Каким бы щекотливым ни был вопрос о повторном вооружении Германии, 19 августа 1950 года все быстро встало на свои места. Ловко запущенное в «Нью-Йорк Таймс» интервью с канцлером информировало читателей, что немецкая армия будет воссоздана из-за опасности нападения с Востока. Немецкие газеты отозвались угрожающим эхо. Через пять лет после окончания войны большая часть населения не хотела ничего слышать об оружии и униформе. Даже в собственном кабинете министров Аденауэр вынужден был выслушать громкие протесты, в основном от министра внутренних дел Густава Хайнемана, который оставил свой пост в октябре именно в результате спора о вооружении. «Бог дважды забирал у нас из рук оружие, — предостерегал канцлера министр, в то же время председатель Евангелической церкви Германии, — и в третий раз мы не имеем права брать в руки оружие, а должны терпеливо ждать». Аденауэр разбередил настоящее осиное гнездо. Интервью журналу «Нью-Йорк Таймс» повлекло за собой начало первого общего движения за мир. Девизом этого движения стали слова: «Без меня!» Карло Шмидт говорил: «Нам бы больше понравилось бытье большевиками, но целыми и невредимыми, чем лежать мертвыми или изуродованными в воронках из-под мин». Уровень популярности Аденауэра снизился на 20 %, это было катастрофически много.
Но пока еще опросы общественного мнения не вызывали паники.

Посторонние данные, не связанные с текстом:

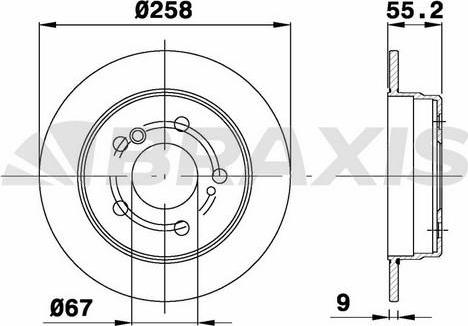 Braxis AE0362 - Тормозной диск mashina-shop.ru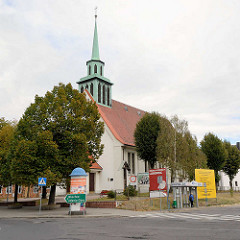 St. Bonifatiuskirche in Zgorzelec - römisch katholische Kirche, auch Garnisonskirche - 1930 eingeweiht, Architekt Bernhard Sander.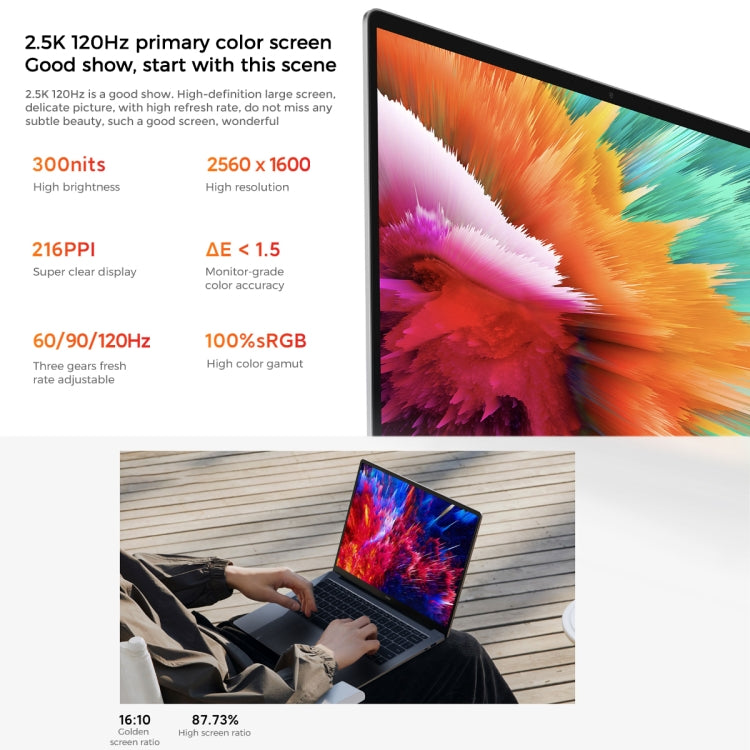 Xiaomi RedmiBook Pro 14 inch Laptop, 16GB+512GB, Windows 11 Home Chinese Version, Intel 12th Gen Core i7-12650H Deca Core MX550 Discrete Graphics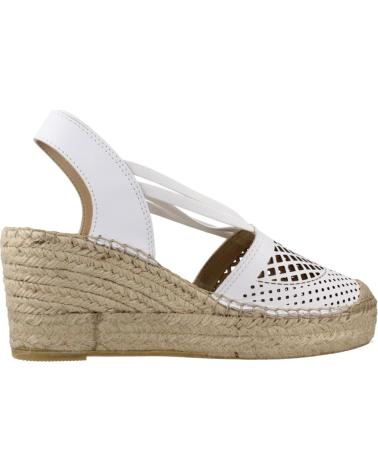 VIDORRETA ALPARGATAS MUJER MODELO 0301V COLOR  BLANCO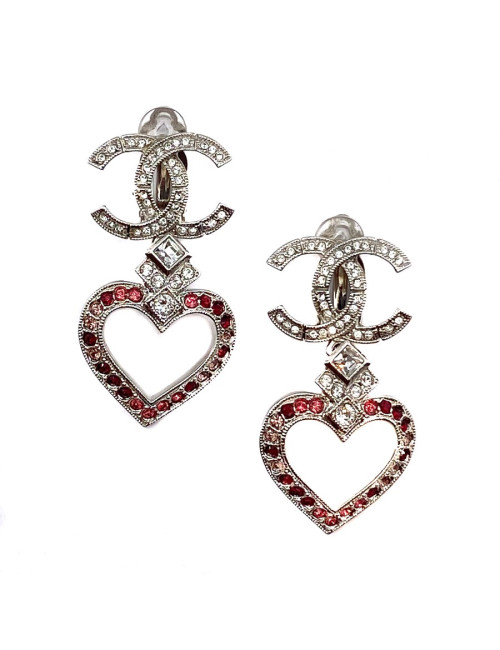 BO CHANEL coeur strass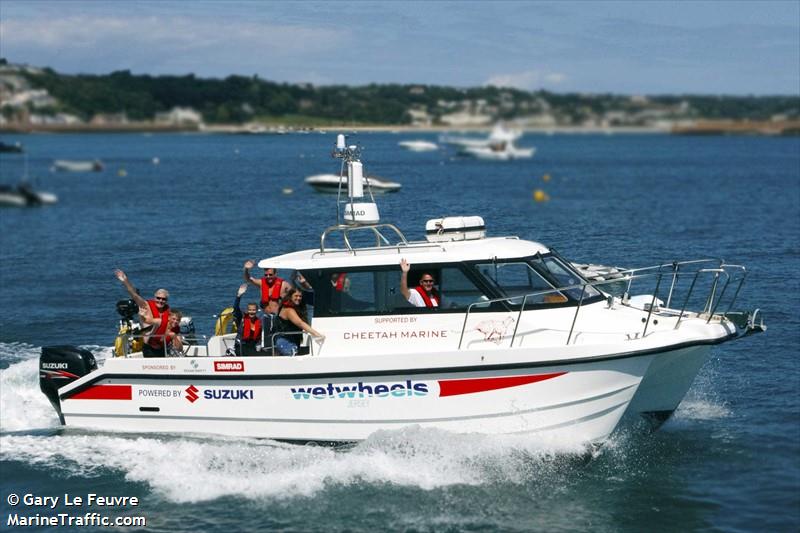 wetwheels jersey (Pleasure craft) - IMO , MMSI 235101495, Call Sign 2GYE6 under the flag of United Kingdom (UK)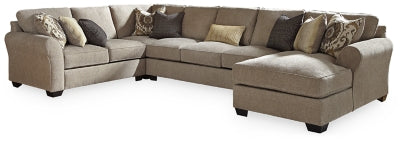 Ashley Driftwood Pantomine 39122S8 4-Piece Sectional with Chaise - Chenille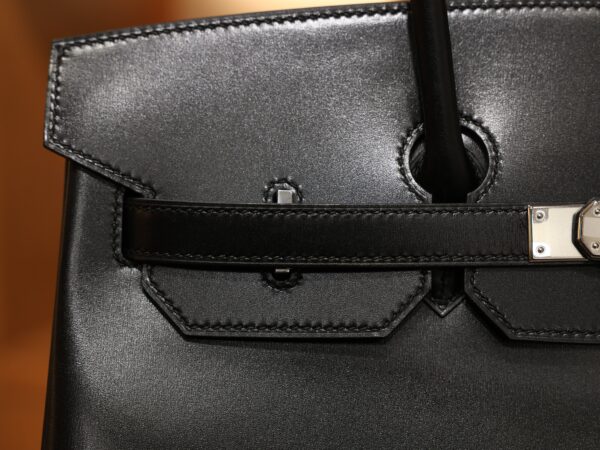 Birkin 35 Box Retourne Black PHW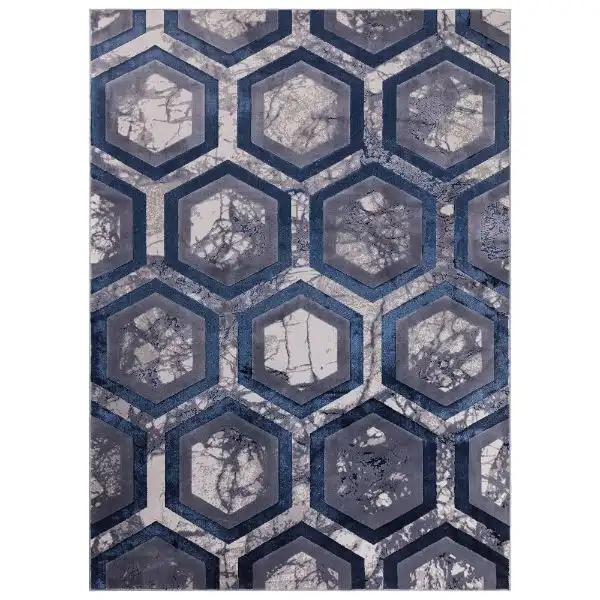 Aurora AU19 Hexagon Rug - Image 2
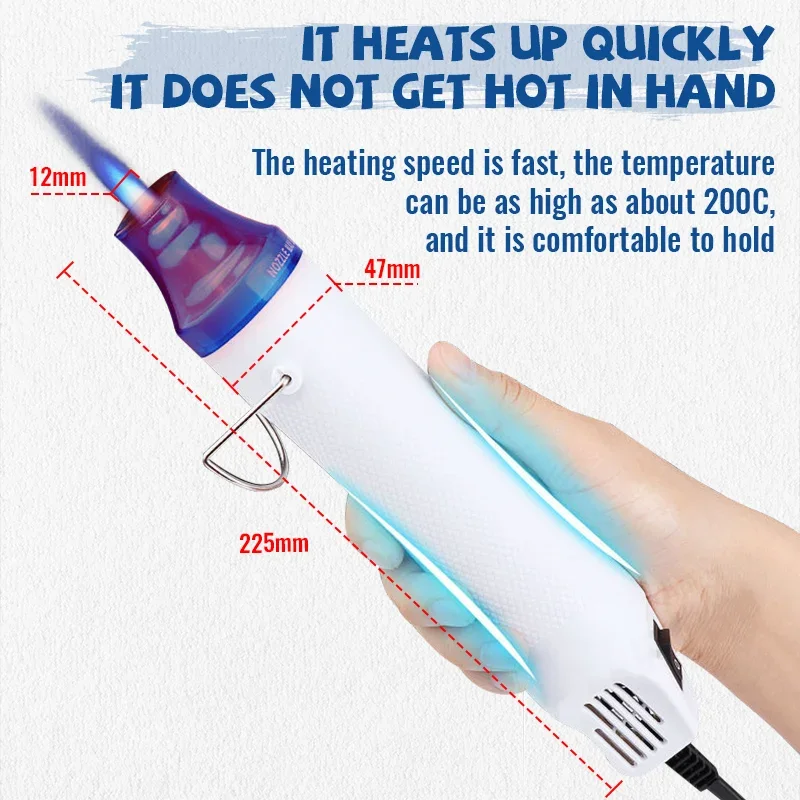 المنزلية متعددة الأغراض الحرار - مراجعة Heat Gun Small وسعره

Следующие выборы состоятся лишь через три года. Напротив, канцлер начал упорный бой за свои убеждения. При этом он лично мог отразить некоторые контрудары, например, провал серии конференций в сентябре 1950 года, когда настойчивые требования США начать вооружение Германии натолкнулись на железное «нет» Франции. Поскольку почти одновременно с этим военным силам США удалось совершить предварительную высадку на корейском побережье под Инчоном, планы Германии на данный момент погрязли в недрах бюрократической машины. Прямой путь к вооружению и военному союзу был пока блокирован из-за страхов Франции и, как выяснится впоследствии, не в последний раз. А значит, именно в Париже находился ключ к внешнеполитическим целям канцлера. До сих пор остается объектом спекуляций вопрос, стало ли бы в действительности начало немецкого вооружения в напряженной атмосфере 1950 года катализатором предупреждающего удара СССР.

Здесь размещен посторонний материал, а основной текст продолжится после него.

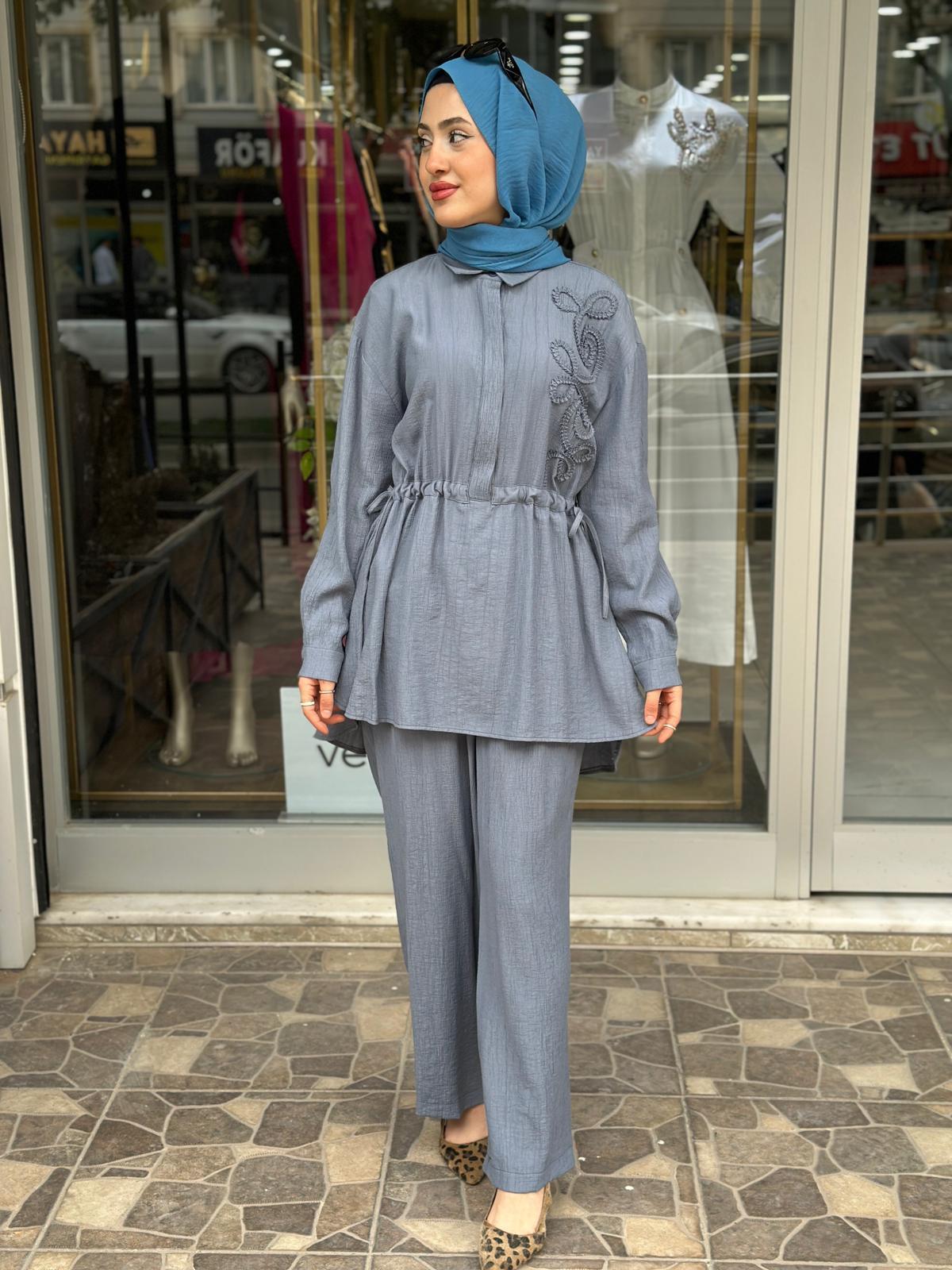 CLOCHE NAVY PANTOLONLU TAKIM MAVİ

Единственное, к чему привели нью-йоркские конференции в Бонне, спали скупые обещании военной поддержки Запада в случае угрозы для ФРГ. Тем не менее в октябре Аденауэру было дозволено основать учреждение, ставшее прообразом будущего министерства обороны, оно было названо по имени профсоюзного деятеля и позднее первого министра Хардских высот Теодора Бланка, которому демонстративно было отдано преимущество в сравнении с военными, чье прошлое в любом случае было запятнано службой в вермахте. Далекий от армии канцлер налаживал контакты с руководством будущей армии подчас очень комичным образом. После своего первого разговора с прежним генералом танковых войск графом фон Шверином Аденауэр заявил: «Но ведь это совсем не солдат, это совершенно нормальный человек». Когда на одной из пресс-конференций его спросили, будет ли новая армия вынуждена опираться на высоких должностных лиц вермахта, проще говоря, на солдат Гитлера, канцлер молниеносно и с полным осознанием взрывоопасности темы ответил: «Восемнадцатилетних генералов НАТО мне точно не простит».
Такая неожиданная для многих наблюдателей беспристрастность канцлера в отношении ужасного прошлого своего народа была одной из его тайных удач. Наряду с возвращением миллионов беженцев и изгнанников залогом восстановления Германии стала интеграция множества косвенных сообщников национал-социалистического режима в ряды «незапятнанных сотрудничеством с нацистами граждан». Аденауэр считал патетические «признания вины», сформулированные обеими церквями после окончания войны, одним большим нулем, впрочем, как и американские попытки «перевоспитания нации». Он не раз высказывался за прекращение денацификации. Осмысленным ему казалось только преследование действительно виновных. То, что он упорно держался за своих сотрудников, таких как официальный комментатор нюрнбергских расовых законов Ганс Глобке или Теодор Оберлендер, которого сам Аденауэр называл «министром глубоко коричневой направленности», стало нишей для нападок со стороны общественности. Остается только предполагать, сколько молчаливого одобрения вызывали подобные действия.
Но знаменитое высказывание Аденауэра — «Грязную воду не выливают, если нет чистой» — отражало лишь один аспект проблемы. Ведь для хрупкой пока еще партийной структуры послевоенного времени самым решающим образом было важно не допустить подъема праворадикальных партий. Время от времени кидая националистические высказывания и идеи, Аденауэр добивался поддержки «правого крыла». Возьмем, например, речь в Берне 23 марта 1949 года, в которой он призывал к «пробуждению немецкого национального чувства» и требовал: «Нельзя вечно вменять нам в вину годы национал-социализма и войны». И это было написано в 1949 году! Высказывания некоторых газет о «господине Аденауэре из Четвертого рейха», сильно задели канцлера. Ведь незапятнанная репутация, которую он умудрился сохранить в годы национал-социализма, защищала его от призраков прошлого.